31 Jul 20
How to fuel your body for hiking
Our top tips to help you out while you’re in training-mode.
Why nutrients are important
Blood sugar (aka glucose) provides the energy that keeps your brain buzzing and your heart ticking, and all your other muscles and organs functioning nicely. If you eat a varied diet and regularly throughout the day, you’ll be able to keep your blood sugar within the normal range, giving you sustained energy during and after training. Good nutrition will also allow your body to recover and repair each day.
When you don’t fuel your body properly, your blood sugar can plummet and you can experience a range of unpleasant symptoms, from a mid-morning/afternoon slump, to headaches, agitation and crankiness. Preventing a sugar crash is fairly easy if you take greater care with your carb intake and change a few other habits, too. Focus on including a mix of complex carbohydrates, good fats and some protein.
Remember also that exercise can drag your blood sugar down, so you need to compensate for some of the calories your body is using up.
How to sustain your energy levels while training
Start with breakfast
Include protein and a little fat at breakfast, both of which delay the absorption of sugar into the blood, take longer to digest and make you feel fuller than eating carbohydrates alone. Try pairing orange juice with eggs, muesli or a dense wholegrain bread with peanut butter.
Take the same mix-and-match approach to lunch, dinner, and snacks
Meals with a combination of foods will create a slow, steady release of sugar into the bloodstream, keeping you on an even keel. Choose lean protein sources like turkey breast, fish, chicken, cottage cheese and legumes.
Don’t let yourself get too hungry
Going hours without food sets you up for a sugar-heavy snackfest. Try and eat every 2 to 3 hours. Snacks like nuts with dried fruit are easy to carry and will boost and sustain your energy levels.

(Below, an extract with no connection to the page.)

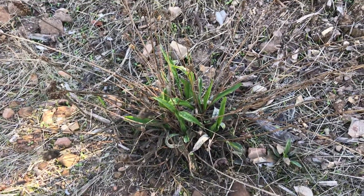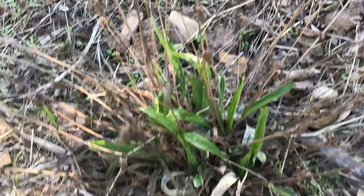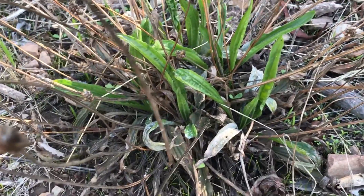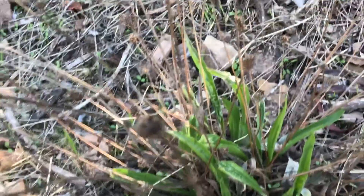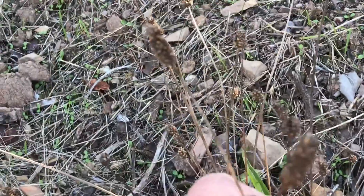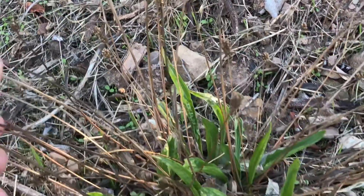This is the plantain. This is non-native — it came over with the settlers. It's narrow leaf plantain. You can see by the long narrow leaves that are at the base, and then these seed pods here that you're familiar with. I'm sure you see them all over, even in your yard sometimes.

Hydrate, hydrate, hydrate!
Drink on a regular basis. That doesn’t mean wine/beer! Alcohol taxes your liver and you won’t have the energy you need if you tax your liver. Save it for the celebration! Dehydration can have a major effect on mood and exercise performance, so be sure to drink water before, during and after you exercise to stay well hydrated. People require different amounts of fluids during exercise and the best gauge is the colour of your urine. If this is concentrated – you are not drinking enough.
Carbs, Fats & Supplements
Carbohydrates are the key to sustained energy when you are walking on a trail. Carbs will give you fast fuel, so eat wholegrains before your walk and snack on boiled eggs, bananas, protein balls, or trail mix. Your body only stores limited amounts of carbohydrates, so it’s essential to replace them. Plan when you’ll eat. It’s often hard to replenish carbohydrates once you’ve ‘hit the wall’.
You only need a small amount of dietary fat, so you don’t need to increase it during training. Not all fats are created equal. Avocado, nuts and seeds are a great source of good fats.
Recipe for a homemade sports drink
Dissolve 4 tablespoons of white sugar and 1/4 teaspoon of salt in 1/4 cup of boiling water. Once dissolved add 3-3/4 cups of cold water. For flavour, add 1/4 cup of cranberry or orange juice or 2 tablespoons of lemon juice. Refrigerate and take with you when training.
More useful tips
Practice drinking water and snacking while walking
During training, it’s a good idea to drink water and snack so that you know how your body responds to food and fluid during activity.
Always carry food (and of course, water) with you, just in case
Find out what’s available to eat when you are on your trip. If you need advice, ask our Destination Experts for more information.
Get familiar with mealtimes/routines in the country you are visiting
Find out the eating times/routines in the country you will be visiting. If you are walking the Camino, for example, getting Spanish mealtimes wrong can leave you hungry. Spaniards are not early risers, so coffee shops rarely open before 7am. Lunch is usually eaten between 2pm and 3.30pm, while tapas bars begin to open around 8.30pm, and dinner is served from 9pm.
If you are walking Japan’s Kumano Kodo pilgrimage trail, food in the guesthouses along the Kumano Kodo trail will be mostly Japanese-style only. There are no options for Western food to be served as all guests are cooked the same meals. A request for a different meal from a guest would be considered offensive and culturally insensitive. Guesthouses along the trail cannot cater for specific dietary requirements, so this trek is not suitable for those with severe allergies or strict dietary requirements.